[Start of Attachment]

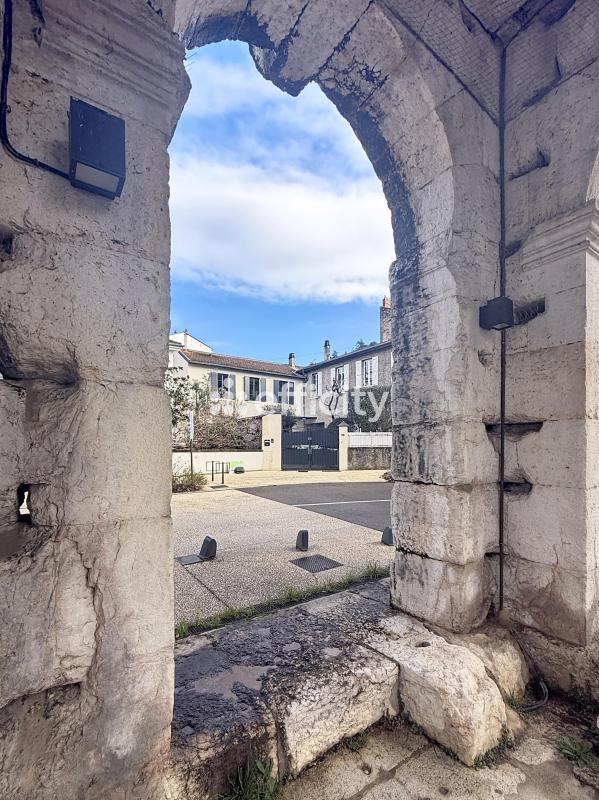 Maison - 137 m² - 6 pièces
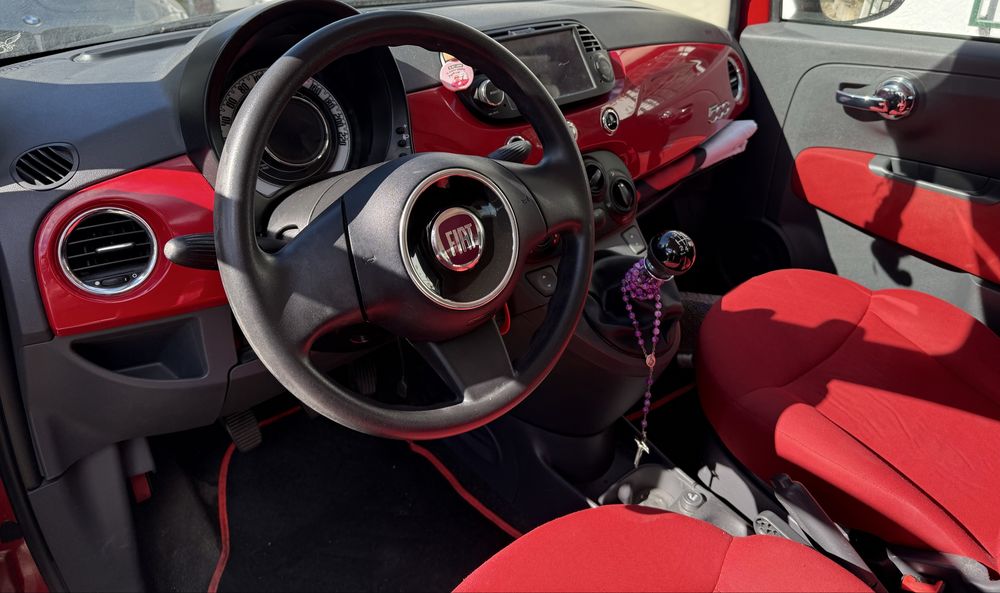 Fiat 500 vermelho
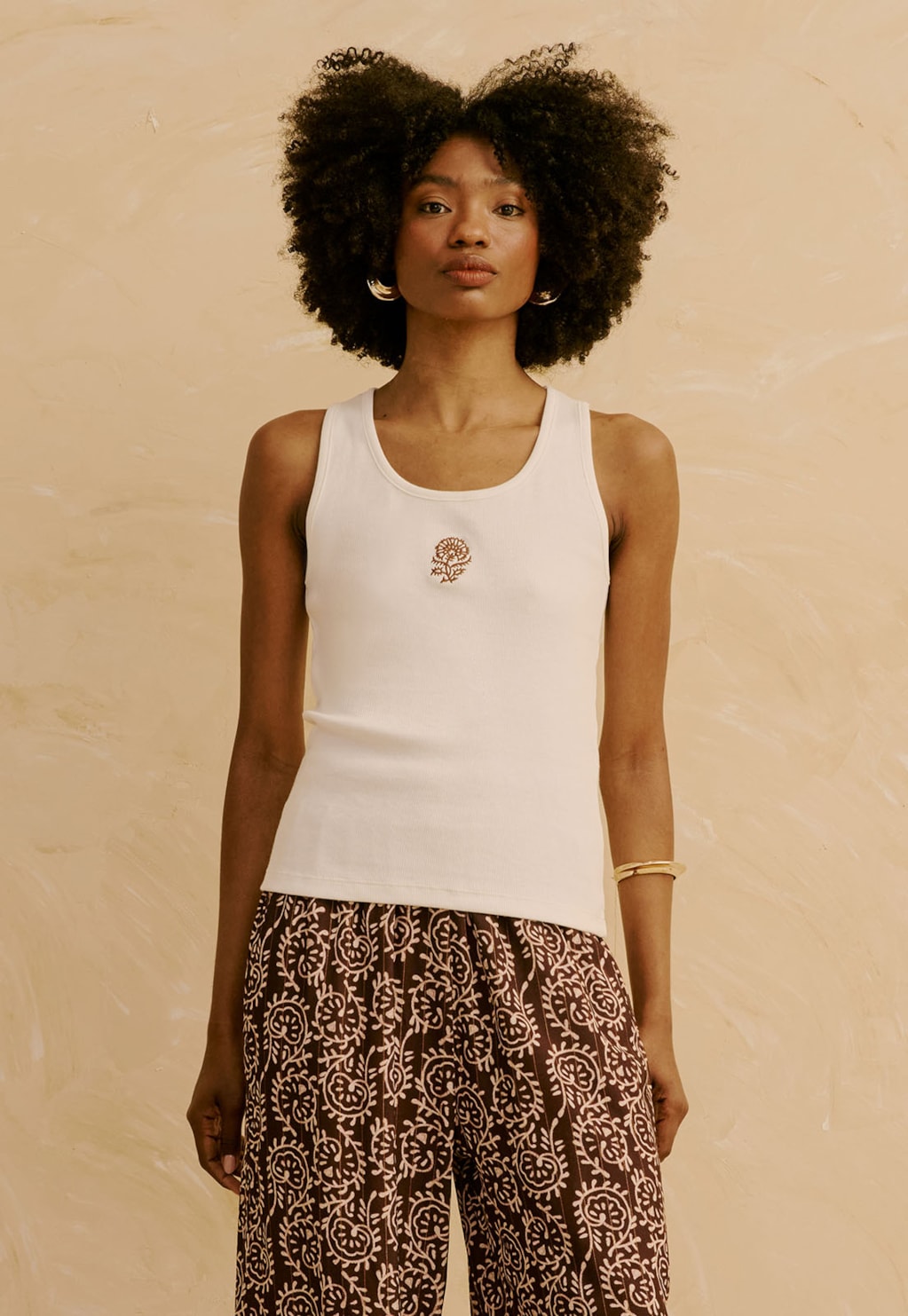 Regata Rib Bordado Flor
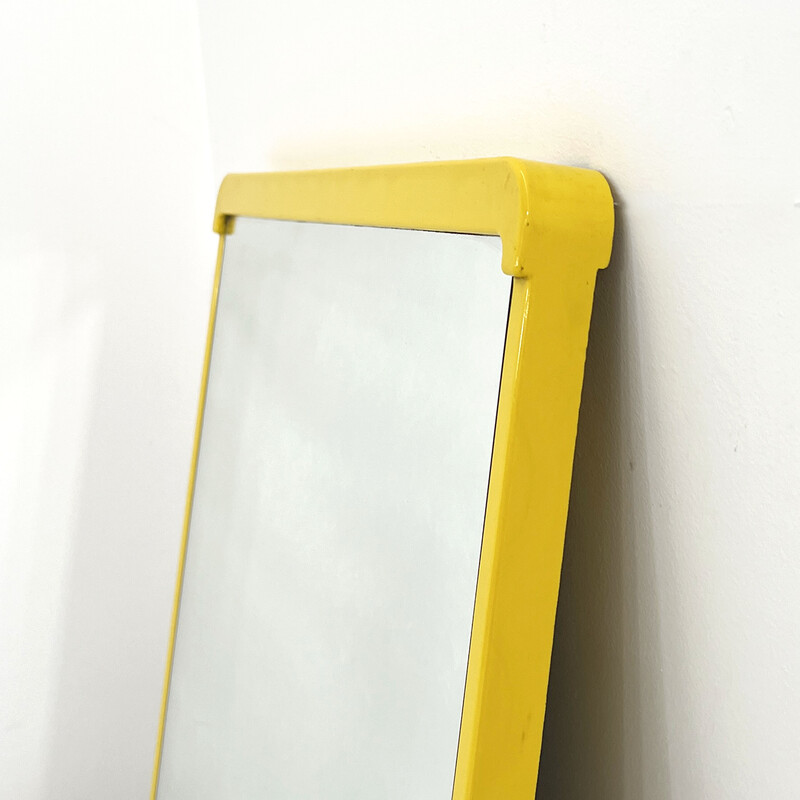 Espelho de moldura amarelo vintage da Metalplastica, década de 1970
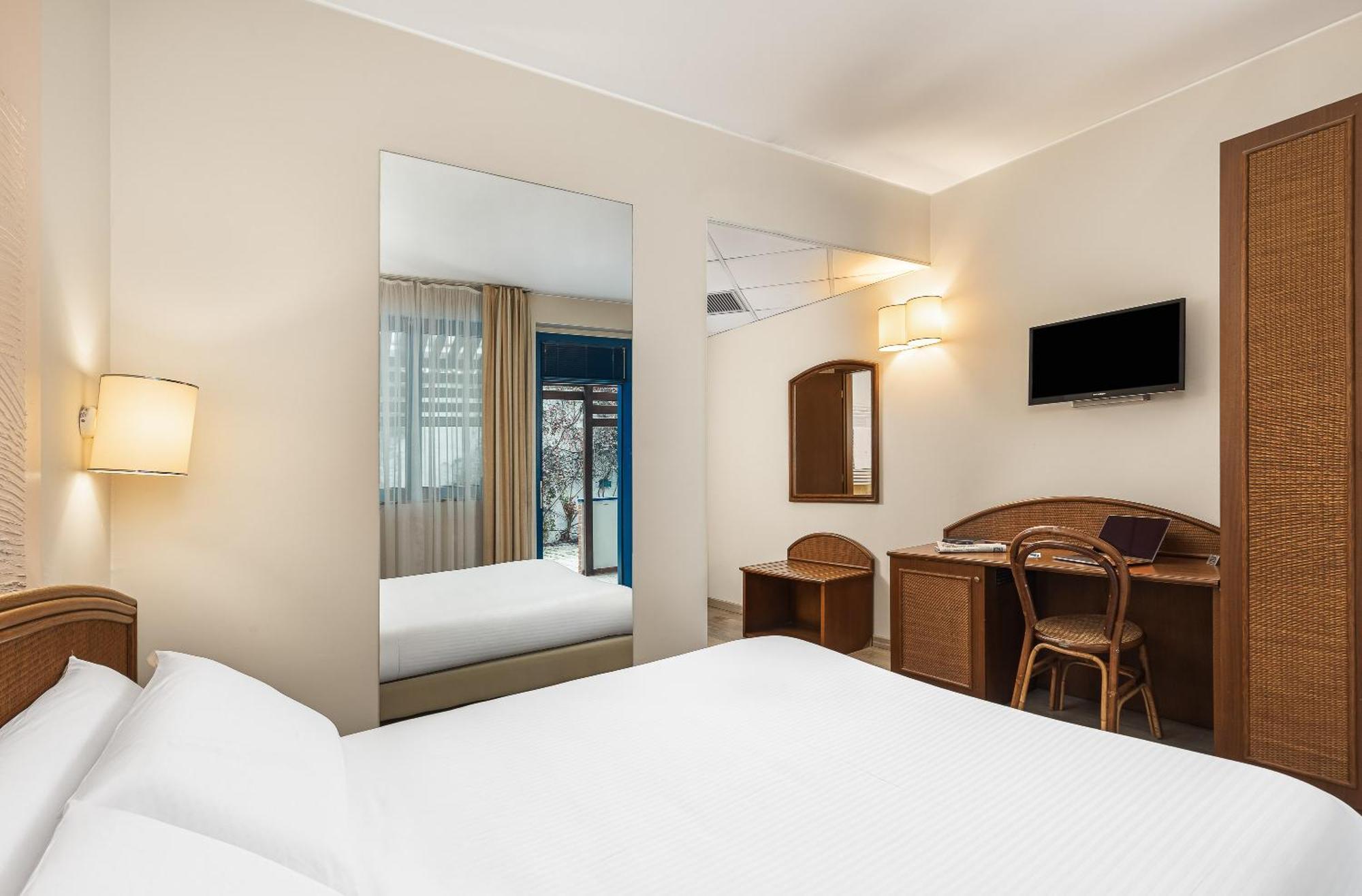 Welcome Hotel Legnano Camera foto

[End of Attachment]

### Task requirements:
What is needed here is an exact transcription of every record above, with images excluded.

### Solution to the exercise:
 Maison - 137 m² - 6 pièces
 Fiat 500 vermelho
 Regata Rib Bordado Flor
 Espelho de moldura amarelo vintage da Metalplastica, década de 1970
 Welcome Hotel Legnano Camera foto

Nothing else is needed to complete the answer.